EXERCISE INPUTS:
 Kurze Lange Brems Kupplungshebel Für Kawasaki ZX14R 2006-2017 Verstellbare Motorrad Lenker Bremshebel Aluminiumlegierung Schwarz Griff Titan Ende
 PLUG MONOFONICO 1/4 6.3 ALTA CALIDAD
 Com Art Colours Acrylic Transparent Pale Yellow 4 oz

---

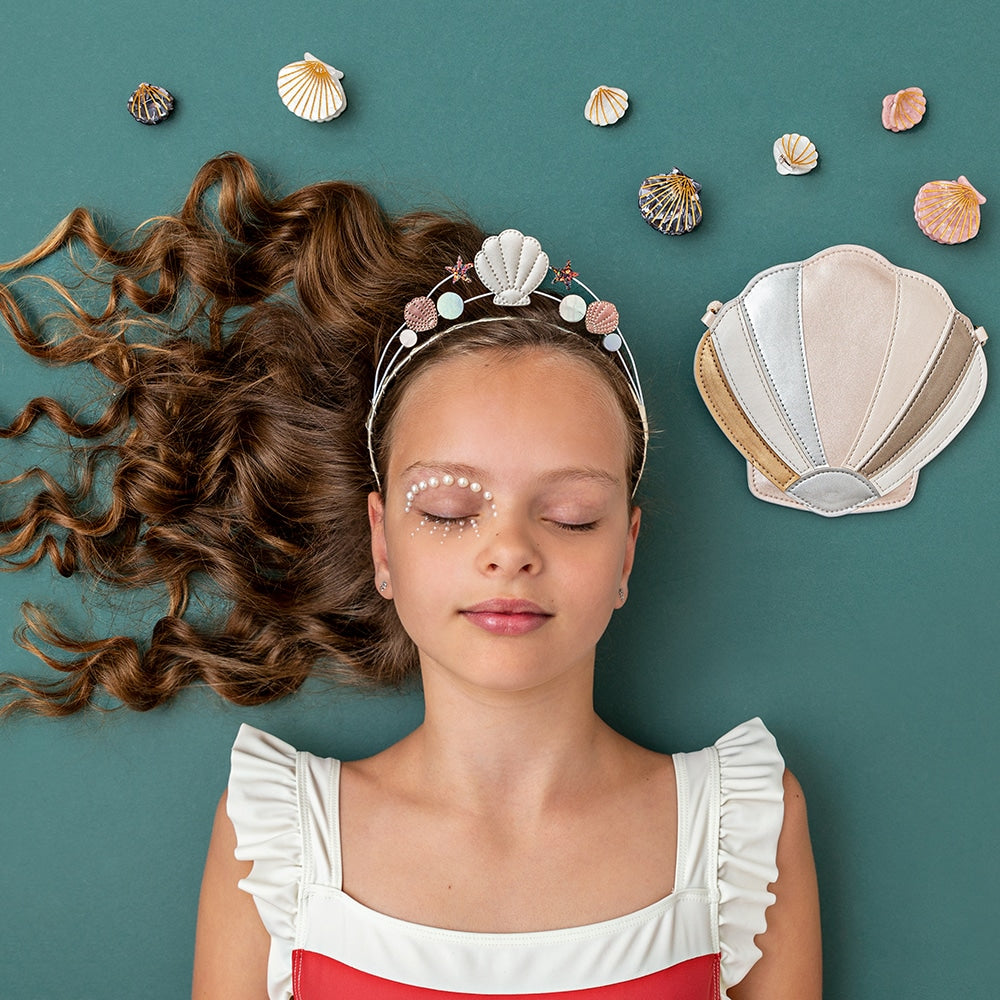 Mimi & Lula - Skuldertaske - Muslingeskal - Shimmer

WORK REQUEST: Please output exactly the lines between the one holding "PLUG MONOFONICO 1/4 6.3 ALTA CALIDAD" and the one holding "Com Art Colours" in the records above, inclusive, and nothing more.

YOUR RESPONSE:
 PLUG MONOFONICO 1/4 6.3 ALTA CALIDAD
 Com Art Colours Acrylic Transparent Pale Yellow 4 oz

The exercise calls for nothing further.